2) Use the training-data ratings to predict results (player finishing order) of the last 10% of games.

3) Score those predictions (per game) by evaluating each game as six 2-player match-ups:

  • If there's a big gap between the two players' ratings (e.g. over 200 difference), then +2 for a correct prediction (1400 player finishes better than 1100 player) and -2 for an incorrect prediction (1500 player finishes worse than 1200 player).
  • If it's a medium-sized gap (between 50 and 200) then +1 for correct prediction and -1 for failed prediction
  • Ignore match-ups with small rating gaps (less than 50); reward +0 regardless of outcome.

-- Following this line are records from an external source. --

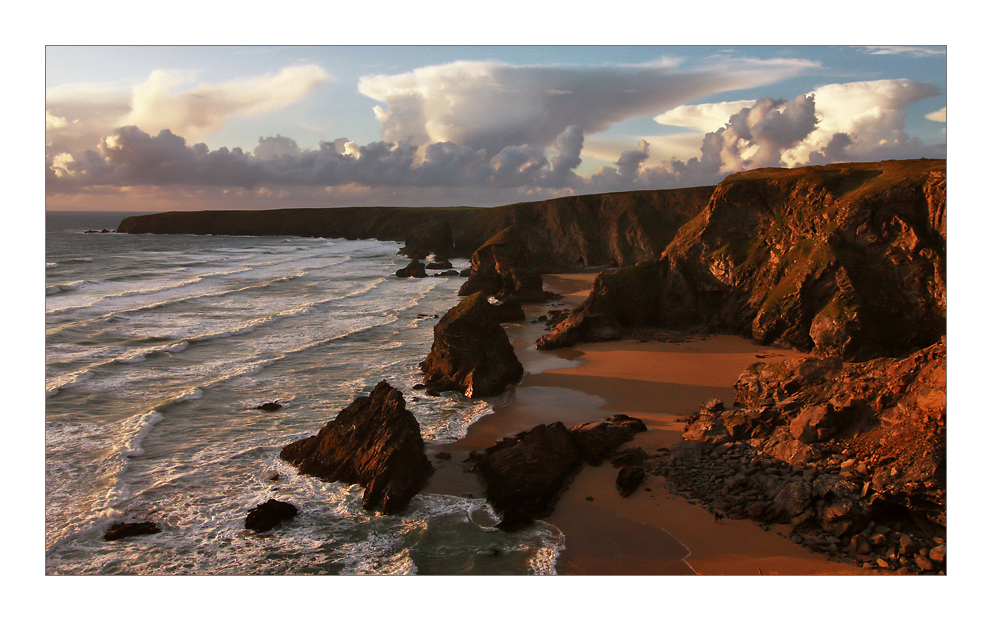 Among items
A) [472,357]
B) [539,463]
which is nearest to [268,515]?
[539,463]

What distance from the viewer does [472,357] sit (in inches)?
914

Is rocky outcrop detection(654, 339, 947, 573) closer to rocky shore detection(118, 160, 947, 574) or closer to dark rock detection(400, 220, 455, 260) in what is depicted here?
rocky shore detection(118, 160, 947, 574)

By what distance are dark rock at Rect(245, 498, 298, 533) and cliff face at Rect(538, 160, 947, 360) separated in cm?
1948

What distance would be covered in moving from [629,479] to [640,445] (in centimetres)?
270

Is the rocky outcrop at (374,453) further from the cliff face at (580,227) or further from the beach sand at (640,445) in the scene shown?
the cliff face at (580,227)

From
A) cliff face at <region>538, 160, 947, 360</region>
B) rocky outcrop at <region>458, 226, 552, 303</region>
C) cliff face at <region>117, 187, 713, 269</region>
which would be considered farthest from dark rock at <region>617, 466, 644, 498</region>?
cliff face at <region>117, 187, 713, 269</region>

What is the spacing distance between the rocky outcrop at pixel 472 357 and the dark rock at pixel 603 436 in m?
6.28

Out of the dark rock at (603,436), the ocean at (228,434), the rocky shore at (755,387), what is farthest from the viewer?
the dark rock at (603,436)

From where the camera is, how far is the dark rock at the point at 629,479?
45.1 feet

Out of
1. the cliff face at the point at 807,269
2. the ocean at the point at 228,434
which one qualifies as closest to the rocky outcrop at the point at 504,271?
the ocean at the point at 228,434

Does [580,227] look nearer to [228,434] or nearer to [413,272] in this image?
[413,272]

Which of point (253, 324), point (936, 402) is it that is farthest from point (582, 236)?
point (936, 402)

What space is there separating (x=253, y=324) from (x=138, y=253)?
68.5 metres

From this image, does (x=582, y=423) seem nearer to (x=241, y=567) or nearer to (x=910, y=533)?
(x=910, y=533) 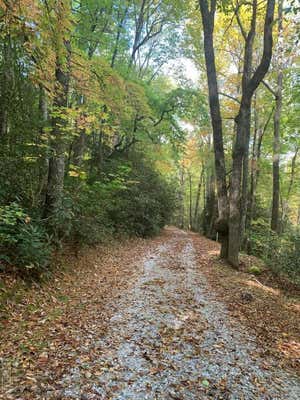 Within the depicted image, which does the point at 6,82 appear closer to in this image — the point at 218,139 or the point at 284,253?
the point at 218,139

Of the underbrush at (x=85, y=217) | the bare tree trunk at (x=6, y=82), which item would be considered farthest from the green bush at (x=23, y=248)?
the bare tree trunk at (x=6, y=82)

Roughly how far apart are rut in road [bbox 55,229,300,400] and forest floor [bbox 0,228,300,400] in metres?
0.01

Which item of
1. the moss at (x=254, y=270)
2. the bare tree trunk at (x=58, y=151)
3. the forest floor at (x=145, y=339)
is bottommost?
the forest floor at (x=145, y=339)

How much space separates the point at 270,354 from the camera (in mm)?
3377

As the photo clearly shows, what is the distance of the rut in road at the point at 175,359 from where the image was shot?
8.38 ft

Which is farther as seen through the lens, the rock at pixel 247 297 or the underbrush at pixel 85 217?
the rock at pixel 247 297

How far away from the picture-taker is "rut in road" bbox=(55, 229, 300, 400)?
101 inches

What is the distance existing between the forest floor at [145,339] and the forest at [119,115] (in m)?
1.07

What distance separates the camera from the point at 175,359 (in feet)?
10.0

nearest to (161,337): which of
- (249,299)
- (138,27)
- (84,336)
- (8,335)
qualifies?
(84,336)

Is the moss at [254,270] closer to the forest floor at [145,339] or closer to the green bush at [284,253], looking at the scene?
the green bush at [284,253]

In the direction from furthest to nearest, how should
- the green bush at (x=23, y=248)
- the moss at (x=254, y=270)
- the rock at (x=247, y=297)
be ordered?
1. the moss at (x=254, y=270)
2. the rock at (x=247, y=297)
3. the green bush at (x=23, y=248)

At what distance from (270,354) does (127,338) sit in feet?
6.25

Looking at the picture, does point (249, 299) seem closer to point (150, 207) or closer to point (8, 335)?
point (8, 335) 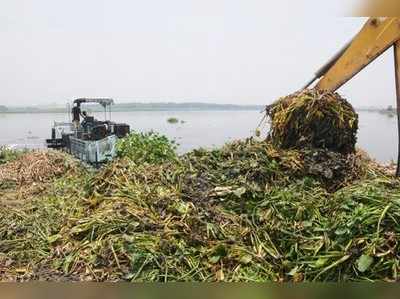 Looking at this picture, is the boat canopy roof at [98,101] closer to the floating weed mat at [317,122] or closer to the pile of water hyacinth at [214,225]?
the pile of water hyacinth at [214,225]

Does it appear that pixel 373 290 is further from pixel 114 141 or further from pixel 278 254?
pixel 114 141

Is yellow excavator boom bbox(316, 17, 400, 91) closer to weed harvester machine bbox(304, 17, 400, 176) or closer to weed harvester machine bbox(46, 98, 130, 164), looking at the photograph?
weed harvester machine bbox(304, 17, 400, 176)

Whichever function yields the highest average accuracy-score-per-game (for all of the 10% testing data) would be considered the "more accurate" function.  

 

Some "sanity" guidelines should also be in play:

1) The logic should be sensible and (relatively) easily explained.  While the function may entail a lot of nuanced adjustments (perhaps accounting for things like relative ratings, score differentials, and positional aspects of the game), players should still have a basic sense of how their ratings should change based on the outcome of each game.  In particular, the player who finishes first should always experience an increase in rating and the 4th place player should always have a drop in rating.

2) Each game should be zero-sum: no net gain (or loss) of rating points among 4 players of a game.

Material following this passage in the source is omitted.